[Brief descriptive captions]
※ ※ ※

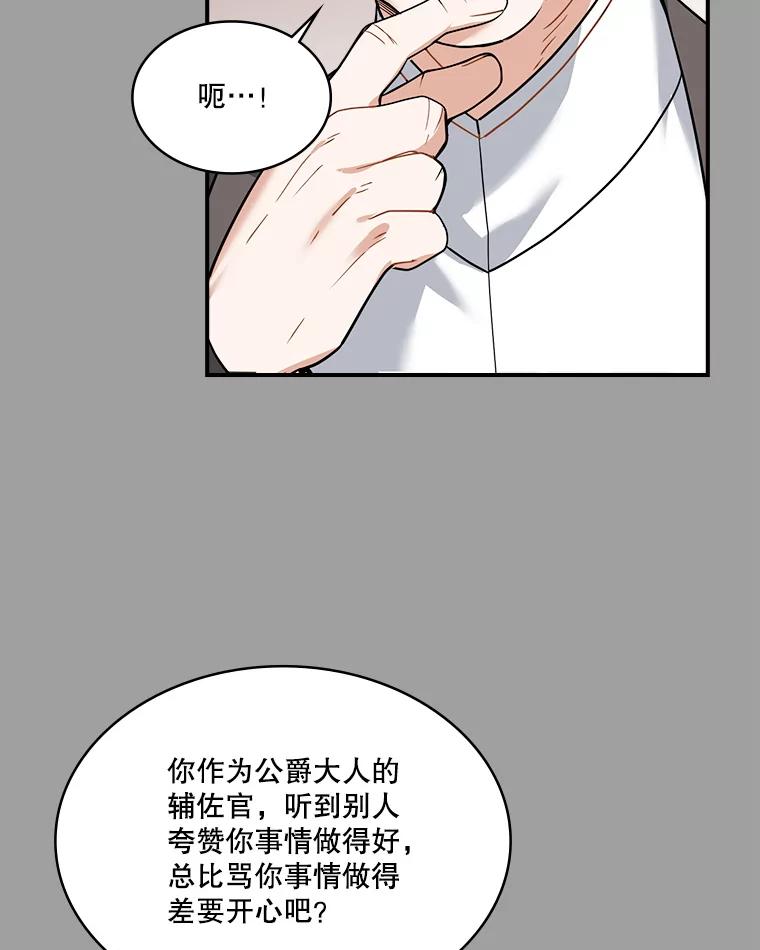 《悔改吧，公爵大人！》24.密信 第12页
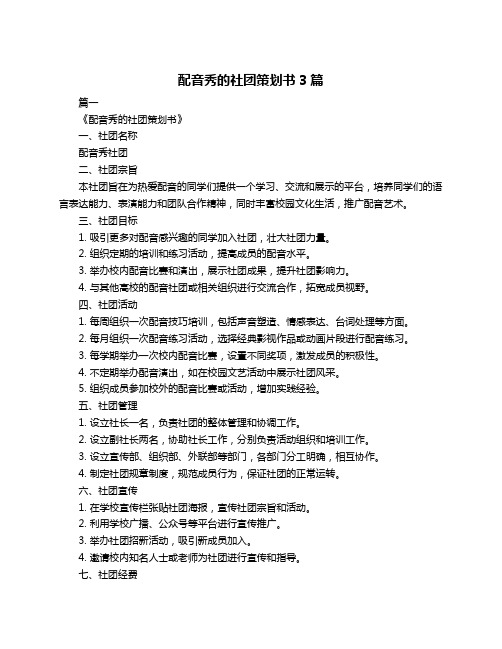 配音秀的社团策划书3篇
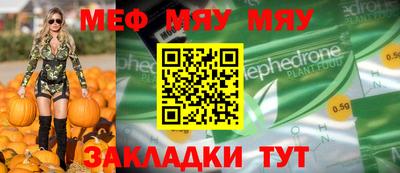 дмт Бузулук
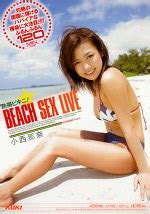 熱帯ビキニ BEACH SEX LIVE 小西那奈 アダルト動画 ソクミル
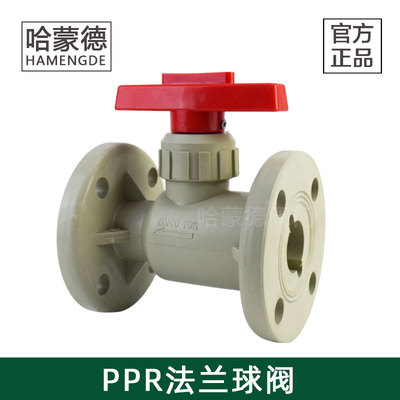 ppr法兰球阀塑料化工耐酸碱热熔管PPR管法兰式球阀阀门DN40 50 63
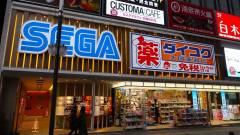 Több mint 50 év után kiszáll a Sega a japán játékgépek piacáról kép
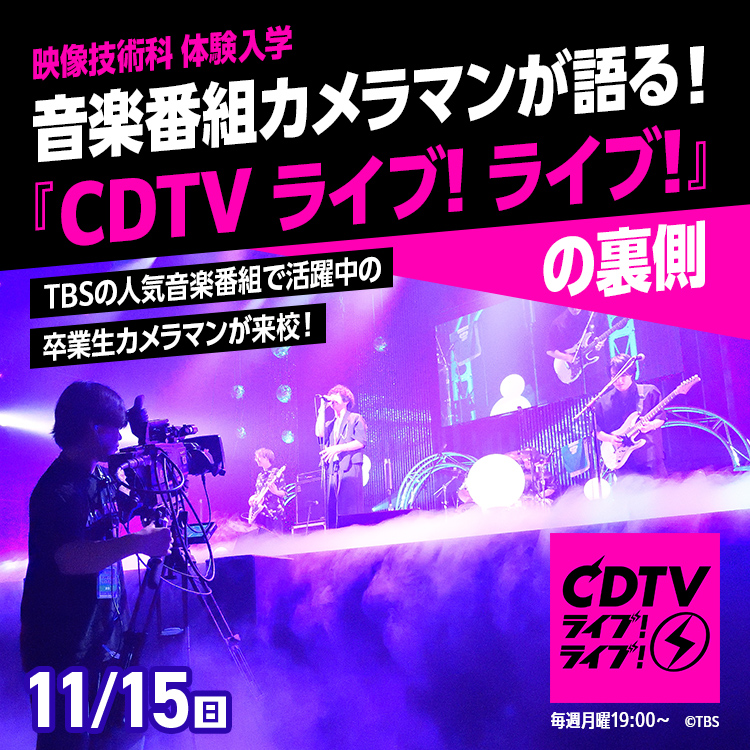 音楽番組カメラマンが語る『CDTVライブ!ライブ!』の裏側｜映像技術科｜体験入学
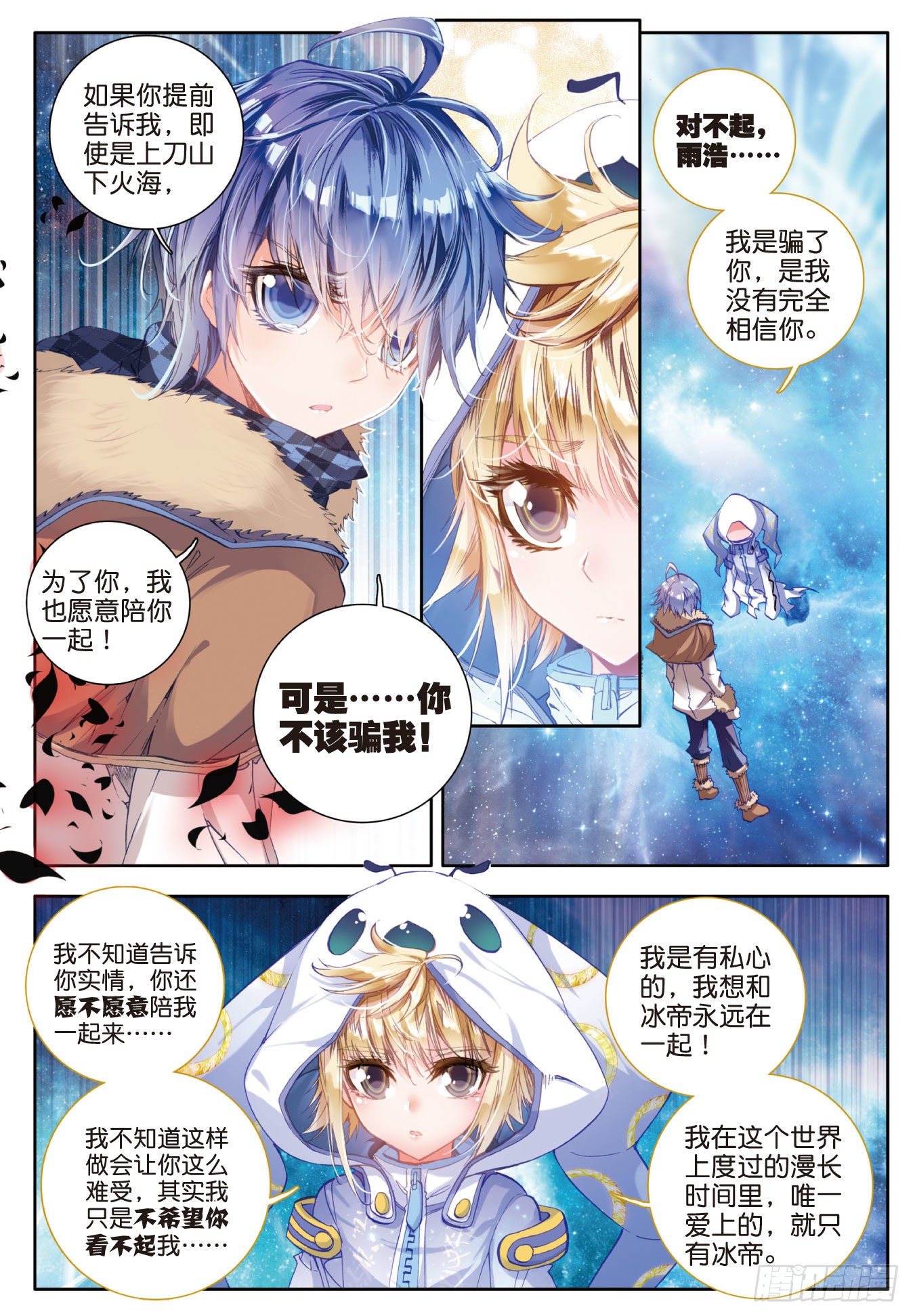 斗罗大陆 II 绝世唐门漫画,42 天梦与冰帝2图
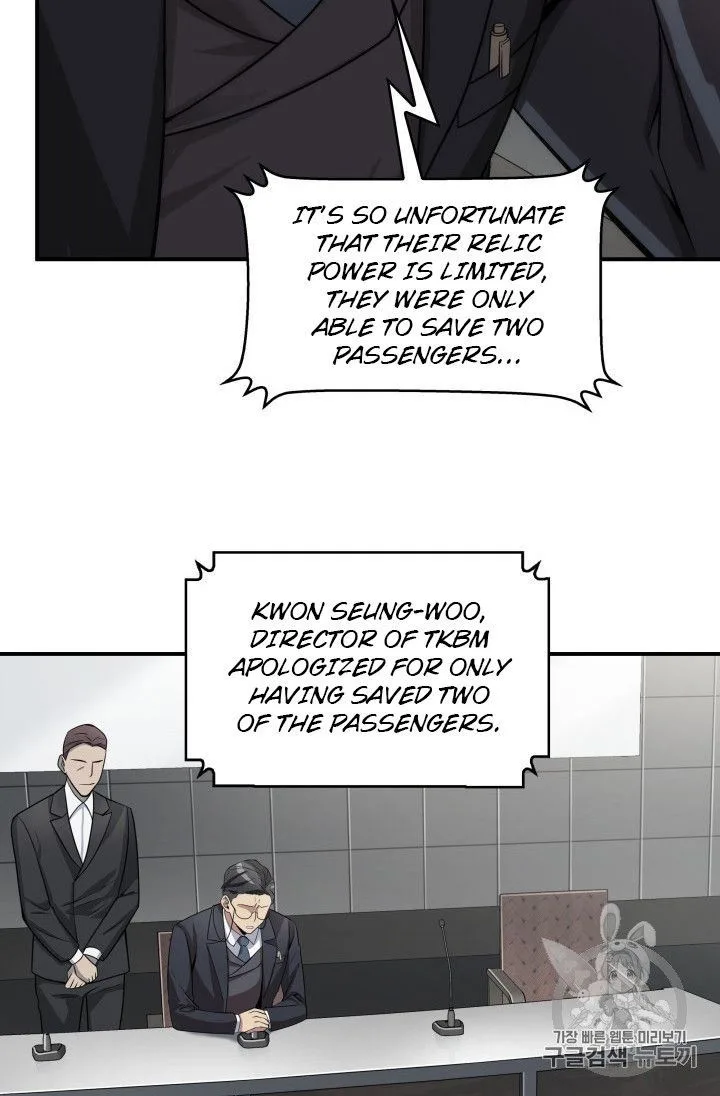 Tomb Raider King Chapter 156 page 79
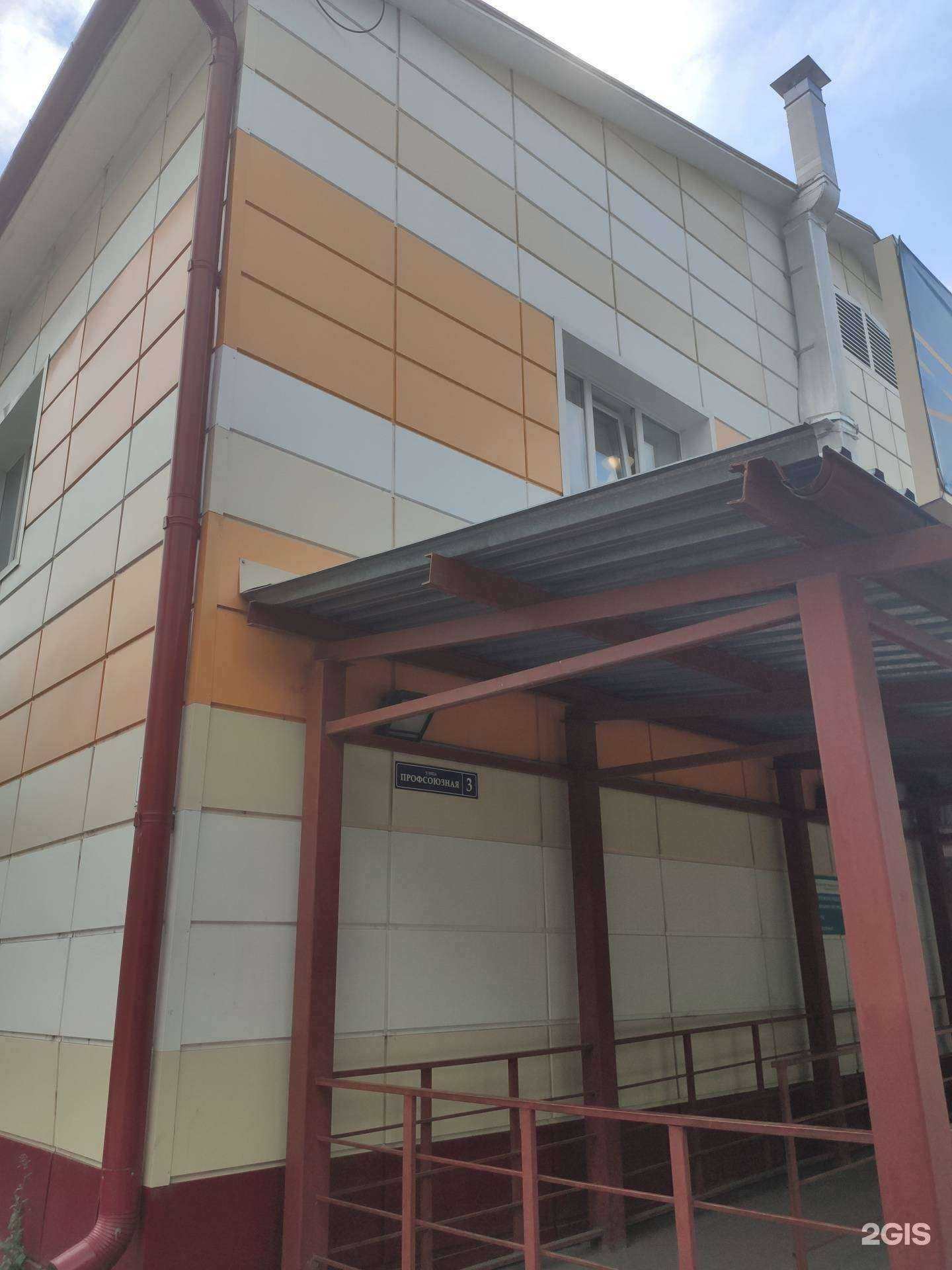 Отзывы на компанию Детская поликлиника №2 в г. Томск c фото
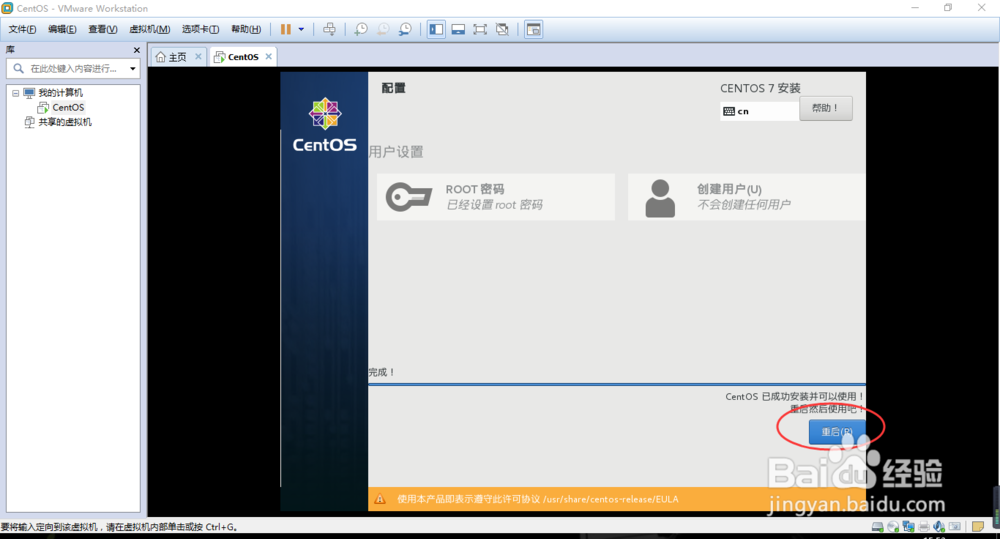 win10系统虚拟机安装contos7图文教程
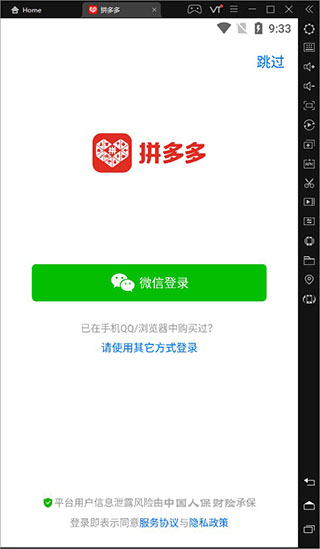 202209130620470354620004
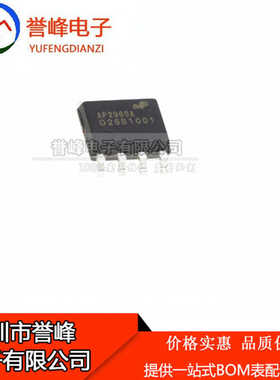 原厂原装AP2960ASPER  SOP8  欢迎咨询 AP2960A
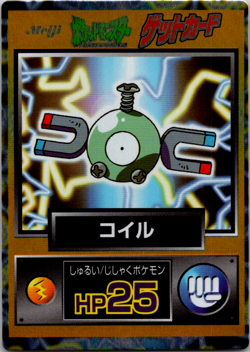 Magnemite Holo Foil Meiji Get Card 1997 Japanese Pokemon Card TCG - Image 1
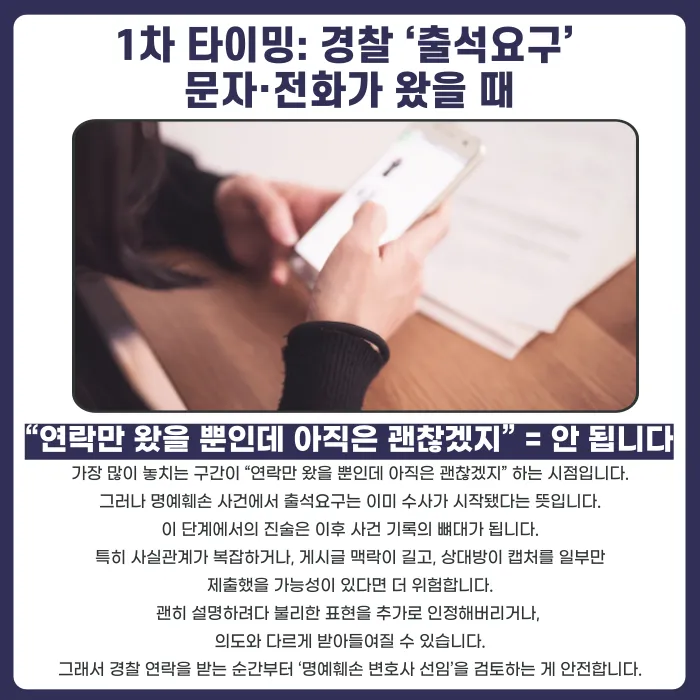 명예훼손 변호사 선임 타이밍, 사건 단계별로 정리하면 카드뉴스 2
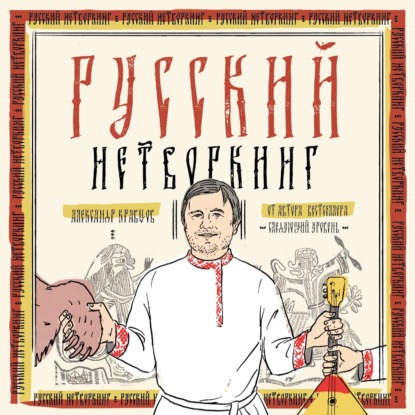 Скачать книгу Русский нетворкинг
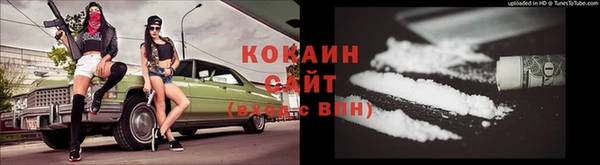 марки nbome Новый Уренгой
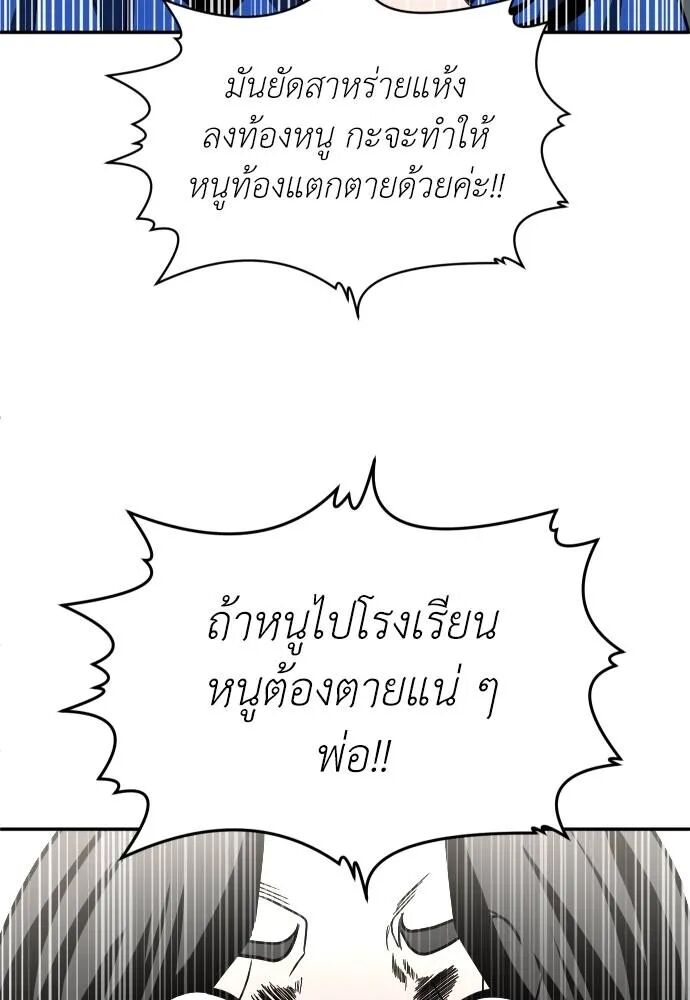 หน้า 161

※ ※ ※

» **WHAT IS BEING ASKED**: Each line above is to be repeated exactly as written; no picture is carried over.

» **ANSWER TO THIS PROBLEM**:
 《悔改吧，公爵大人！》24.密信 第12页
 配音秀的社团策划书3篇
 дмт Бузулук
 熱帯ビキニ BEACH SEX LIVE 小西那奈 アダルト動画 ソクミル
 ppr法兰球阀塑料化工耐酸碱热熔管PPR管法兰式球阀阀门DN40 50 63
 Több mint 50 év után kiszáll a Sega a japán játékgépek piacáról kép
 音楽番組カメラマンが語る『CDTVライブ!ライブ!』の裏側｜映像技術科｜体験入学
 斗罗大陆 II 绝世唐门漫画,42 天梦与冰帝2图
 Tomb Raider King Chapter 156 page 79
 Отзывы на компанию Детская поликлиника №2 в г. Томск c фото
 win10系统虚拟机安装contos7图文教程
 202209130620470354620004
 原厂原装AP2960ASPER  SOP8  欢迎咨询 AP2960A
 Magnemite Holo Foil Meiji Get Card 1997 Japanese Pokemon Card TCG - Image 1
 명예훼손 변호사 선임 타이밍, 사건 단계별로 정리하면 카드뉴스 2
 Скачать книгу Русский нетворкинг
 марки nbome Новый Уренгой
 หน้า 161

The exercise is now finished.